Danchenko was not asked, generally, whether he talked about Orbis, which is what Durham claims he was asked. Danchenko was asked about how he covers his queries. He was specifically asked if his associates knew “that he was collecting information for Orbis.”

His answer was not “no,” but instead, “yes and no,” because people knew he was collecting intelligence. And (as noted above) he would refer back to the follow-on answer — that his friends understood that he works in business intelligence — by explaining that two of his claimed dossier sources, including Olga Galkina, not only knew that he collected intelligence, but had attempted to task him to collect it themselves. The context of whether he mentioned Steele or Orbis was explicitly a reference to him being paid (through a cut-out arrangement he had just described to the FBI) for intelligence collection by Orbis, not whether he ever networked using Steele’s name.

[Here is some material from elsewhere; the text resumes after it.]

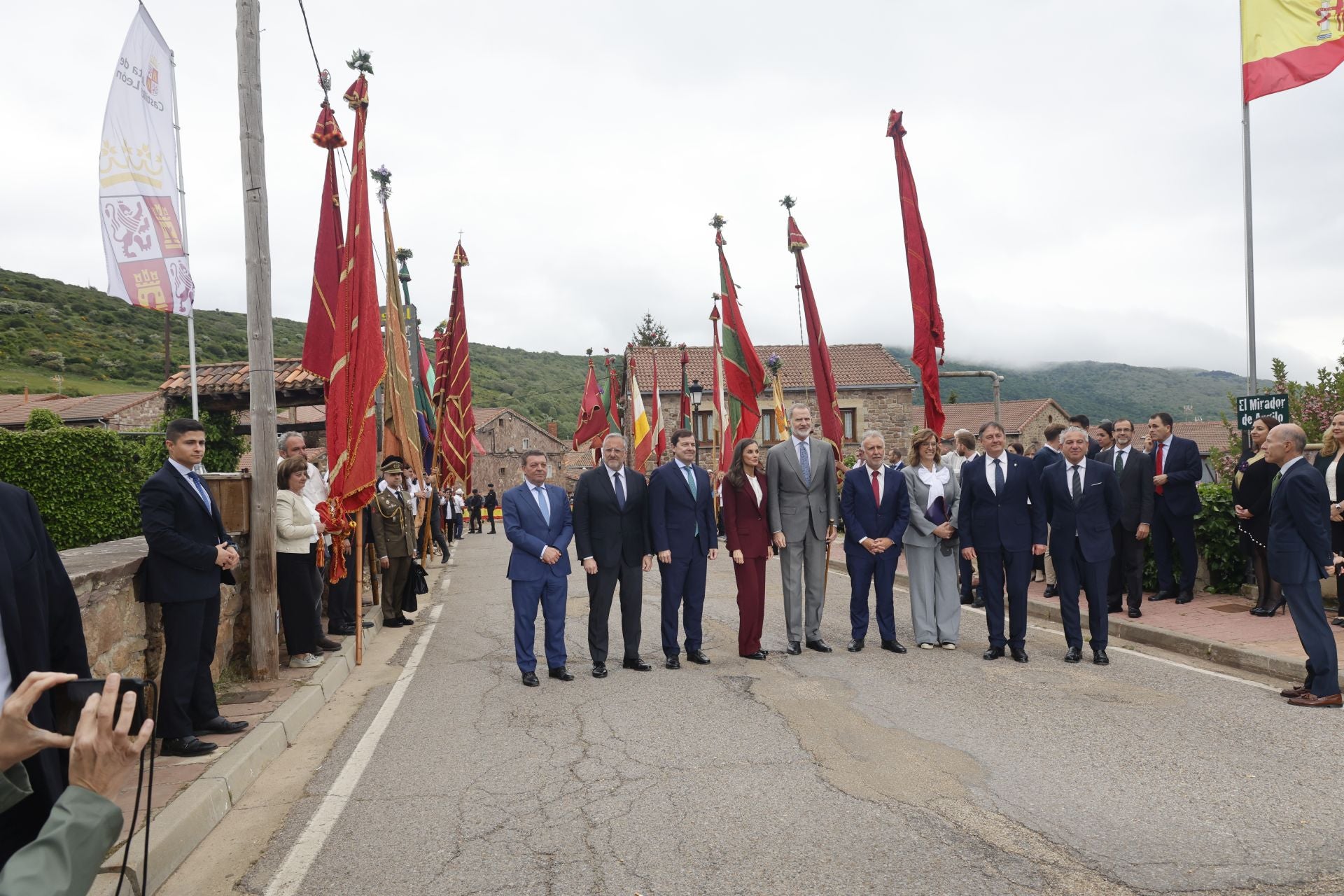 Así han saludado los Reyes a todos los palentinos en Brañosera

This is important because some of the “proof” that Durham provides that Danchenko was affirmatively lying that he had told people “he was collecting information for Orbis,” includes stuff that doesn’t mention intelligence collection. There’s nothing about two April 2016 communications with Charles Dolan, for example, that suggest Danchenko appeared to be more than an analyst, which is what he was on paper.

For example, on or about April 29, 2016, DANCHENKO sent an email to PR Executive-I indicating that DANCHENKO had passed a letter to U.K. Person-I on behalf of PR Executive-I. Specifically, the email stated that DANCHENKO had “forwarded your letter” to [U.K. Person-I] and his business partner. “I’ll make sure you gentlemen meet when they are in Washington or when you are in London.”

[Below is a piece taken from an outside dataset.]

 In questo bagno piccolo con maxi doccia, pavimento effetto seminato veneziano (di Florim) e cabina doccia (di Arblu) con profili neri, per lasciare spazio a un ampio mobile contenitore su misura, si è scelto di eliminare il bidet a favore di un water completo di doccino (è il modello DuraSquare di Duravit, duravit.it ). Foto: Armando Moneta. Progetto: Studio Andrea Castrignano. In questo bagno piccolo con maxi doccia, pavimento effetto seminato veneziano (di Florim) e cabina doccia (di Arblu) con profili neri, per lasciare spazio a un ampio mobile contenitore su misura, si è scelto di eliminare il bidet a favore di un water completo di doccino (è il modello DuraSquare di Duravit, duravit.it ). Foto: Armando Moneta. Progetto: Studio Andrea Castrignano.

That same day, DANCHENKO sent an email to PR Executive-1 outlining certain work that DANCHENKO was conducting with U.K. Investigative Firm-1. The email attached a U.K Investigative Firm-1 report titled “Intelligence Briefing Note, ‘Kompromat’ and ‘Nadzor’ in the Russian Banking Sector.”

Indeed, a later reference to these exchanges describes it as “broker[ing] business,” not discussing collecting intelligence.

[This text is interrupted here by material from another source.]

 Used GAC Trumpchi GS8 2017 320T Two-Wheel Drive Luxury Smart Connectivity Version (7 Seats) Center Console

For example, and as alleged above, DANCHENKO attempted to broker business between PR Executive-1 and U .K. Person-1 as early as in or about April 2016. See Paragraphs 23-25, supra.

Nor does a later email Dolan sent definitively describe Danchenko as collecting intelligence.

Monday night I fly to Moscow and will meet with a Russian guy who is working with me on a couple of projects. He also works for a group of former [allied foreign intelligence service] guys in London who do intelligence for business …. [H]e owes me as his Visa is being held up and I am having a word with the Ambassador.

Durham makes much of the fact that, by the time the dossier was published, Dolan knew that Danchenko was behind it. But Durham provides no evidence about how Dolan learned that (even though Dolan was interviewed by the FBI somewhere along the way). It’s possible, for example, that Dolan put two and two together on his own and/or asked Galkina. And — as Danchenko freely offered up in his first interview! — Galkina knew he was in the intelligence business, so it’s likely she figured it out and told Dolan, not least because the two had shared business interests harmed by the dossier’s allegations, in the last report, about Webzilla.

To be clear, after having obtained warrants on (presumably) all three — Danchenko, Dolan, and Galkina — Durham did find one person with whom Danchenko was clearly discussing the topic he was asked about, collecting intelligence for Steele (as opposed to doing analysis, brokering business, or otherwise networking).

For example, on or about July 28, 2016, DANCHENKO sent a message to an acquaintance and stated “Thanks to my reporting in the past 36 hours, [U .K. Person-I] and [U.K. Investigative Firm-I Employee] are flying in tomorrow for a few days so I might be busy . . . . ” In addition, on or about September 18, 2016, DANCHENKO sent a message to the same acquaintance stating that DANCHENKO had “[w]ork to do for [U.K. Person-I] who’s probably coming to DC on Wednesday.” U.K. Person-I did, in fact, travel to Washington. D.C. on or about September 21, 2016.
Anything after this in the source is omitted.